# layering vinyl for rhinestone templates?



## Brewzer (Oct 2, 2010)

Has anyone tried layering 3mm vinyl and cutting templates from it? I know it would mean an extra step, but i do vinyl signs and banners, and always have scraps laying around.


----------



## Twanabee (Sep 14, 2009)

This has been talked about before. It can be done but I don't think it's worth the effort and time to do it. Hartco or Graphtec pink material is not that expensive.


----------



## My Shirt Connect (Jan 24, 2010)

Brewzer said:


> Has anyone tried layering 3mm vinyl and cutting templates from it? I know it would mean an extra step, but i do vinyl signs and banners, and always have scraps laying around.


I believe you have to layer more than 4 pieces for it to start working which makes it harder and harder to cut. Then the lift is hard because the hotfix tape sticks to the vinyl really good. 

Best thing to do is to try it yourself since you have the scraps


----------



## sjidohair (Apr 9, 2008)

Yep alot of us tried that along time ago, and getting the vinyl all layered up was interesting,, or it got to thick to cut decent,, and then it attracted static like crazy,,,,,,,,,,,

we also used drill presses for plastic folders,, we got from the dollar store, and paper punches,,, oilboard and more,,,,


----------



## idonaldson (Sep 29, 2008)

Have tried it all mentioned above - except the layer part.

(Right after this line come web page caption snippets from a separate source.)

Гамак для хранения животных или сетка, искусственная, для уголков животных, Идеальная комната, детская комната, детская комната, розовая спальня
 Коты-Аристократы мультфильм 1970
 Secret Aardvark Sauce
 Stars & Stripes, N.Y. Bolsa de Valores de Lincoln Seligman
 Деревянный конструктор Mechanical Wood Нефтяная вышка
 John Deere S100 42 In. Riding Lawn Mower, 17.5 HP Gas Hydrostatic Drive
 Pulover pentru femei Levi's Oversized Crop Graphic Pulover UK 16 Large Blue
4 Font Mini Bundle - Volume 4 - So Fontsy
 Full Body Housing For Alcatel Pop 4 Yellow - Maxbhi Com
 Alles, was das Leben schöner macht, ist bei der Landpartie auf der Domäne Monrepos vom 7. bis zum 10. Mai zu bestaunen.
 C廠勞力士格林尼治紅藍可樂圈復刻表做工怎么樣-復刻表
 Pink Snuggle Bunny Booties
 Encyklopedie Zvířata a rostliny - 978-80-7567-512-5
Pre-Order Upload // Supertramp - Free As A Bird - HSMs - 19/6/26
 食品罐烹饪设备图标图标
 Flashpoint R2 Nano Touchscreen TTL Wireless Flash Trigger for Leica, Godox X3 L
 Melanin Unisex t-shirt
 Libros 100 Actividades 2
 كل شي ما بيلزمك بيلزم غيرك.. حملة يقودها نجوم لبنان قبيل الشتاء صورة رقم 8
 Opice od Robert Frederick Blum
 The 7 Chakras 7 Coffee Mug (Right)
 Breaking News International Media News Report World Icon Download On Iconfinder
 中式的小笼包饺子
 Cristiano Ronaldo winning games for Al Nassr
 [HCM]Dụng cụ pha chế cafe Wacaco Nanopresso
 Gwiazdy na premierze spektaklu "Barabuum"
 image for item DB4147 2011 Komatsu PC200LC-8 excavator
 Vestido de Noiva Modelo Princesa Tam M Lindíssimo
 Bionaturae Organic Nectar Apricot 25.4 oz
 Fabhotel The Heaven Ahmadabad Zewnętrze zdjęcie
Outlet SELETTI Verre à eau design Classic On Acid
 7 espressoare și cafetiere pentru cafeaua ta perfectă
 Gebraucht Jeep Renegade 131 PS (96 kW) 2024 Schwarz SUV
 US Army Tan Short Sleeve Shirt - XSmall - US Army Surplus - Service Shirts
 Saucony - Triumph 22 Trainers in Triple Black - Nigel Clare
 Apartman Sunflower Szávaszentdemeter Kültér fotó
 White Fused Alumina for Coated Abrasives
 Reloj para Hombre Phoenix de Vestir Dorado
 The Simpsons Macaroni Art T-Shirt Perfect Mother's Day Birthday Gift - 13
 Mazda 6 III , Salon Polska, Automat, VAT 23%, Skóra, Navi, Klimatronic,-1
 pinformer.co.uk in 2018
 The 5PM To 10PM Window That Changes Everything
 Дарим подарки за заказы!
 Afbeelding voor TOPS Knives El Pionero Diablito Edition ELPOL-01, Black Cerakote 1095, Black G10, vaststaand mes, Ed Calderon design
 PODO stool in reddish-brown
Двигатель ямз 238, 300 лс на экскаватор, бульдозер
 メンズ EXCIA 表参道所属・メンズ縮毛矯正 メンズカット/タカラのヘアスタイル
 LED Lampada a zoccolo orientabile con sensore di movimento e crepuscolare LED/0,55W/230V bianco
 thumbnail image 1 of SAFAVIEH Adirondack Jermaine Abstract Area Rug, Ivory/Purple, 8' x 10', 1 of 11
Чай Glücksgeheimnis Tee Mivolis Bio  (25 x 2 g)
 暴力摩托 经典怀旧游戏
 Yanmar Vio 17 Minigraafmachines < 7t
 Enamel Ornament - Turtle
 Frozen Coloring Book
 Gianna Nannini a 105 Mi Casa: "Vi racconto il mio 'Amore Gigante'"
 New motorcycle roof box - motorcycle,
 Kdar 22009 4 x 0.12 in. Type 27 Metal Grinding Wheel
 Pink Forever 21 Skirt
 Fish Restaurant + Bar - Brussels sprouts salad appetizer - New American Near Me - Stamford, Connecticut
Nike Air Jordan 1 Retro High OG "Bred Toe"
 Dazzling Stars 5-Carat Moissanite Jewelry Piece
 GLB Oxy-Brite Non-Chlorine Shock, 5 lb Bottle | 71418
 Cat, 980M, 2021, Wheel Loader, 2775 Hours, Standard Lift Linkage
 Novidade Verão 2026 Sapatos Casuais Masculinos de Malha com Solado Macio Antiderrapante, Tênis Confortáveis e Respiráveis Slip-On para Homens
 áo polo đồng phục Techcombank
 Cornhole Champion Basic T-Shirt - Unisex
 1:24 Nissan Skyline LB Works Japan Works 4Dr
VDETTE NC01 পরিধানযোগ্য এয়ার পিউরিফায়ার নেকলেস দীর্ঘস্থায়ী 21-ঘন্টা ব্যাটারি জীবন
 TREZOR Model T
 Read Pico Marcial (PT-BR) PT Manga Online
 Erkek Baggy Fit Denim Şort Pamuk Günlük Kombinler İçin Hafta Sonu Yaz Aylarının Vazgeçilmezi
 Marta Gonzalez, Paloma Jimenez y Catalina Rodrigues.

Always used single layer of twill or flock with decent results. for me it was more for small production - I went with the IOline for higher production - I will let you know what is next - I am thinking more of sequins - more bling.


----------



## DivineBling (Sep 14, 2010)

I would think that layering would not work because each layer would stretch at a different rate or in different directions, making it impossible for the stones to fall into the holes.


----------



## idonaldson (Sep 29, 2008)

I agree - with divinebling - on the layering - but it has been a while ago - Twill was used straight - I cut weeded and heat press the flock to a backer board - I believe I had to adjust the holes for the heat process. The sticky flock is much easier and quicker.


----------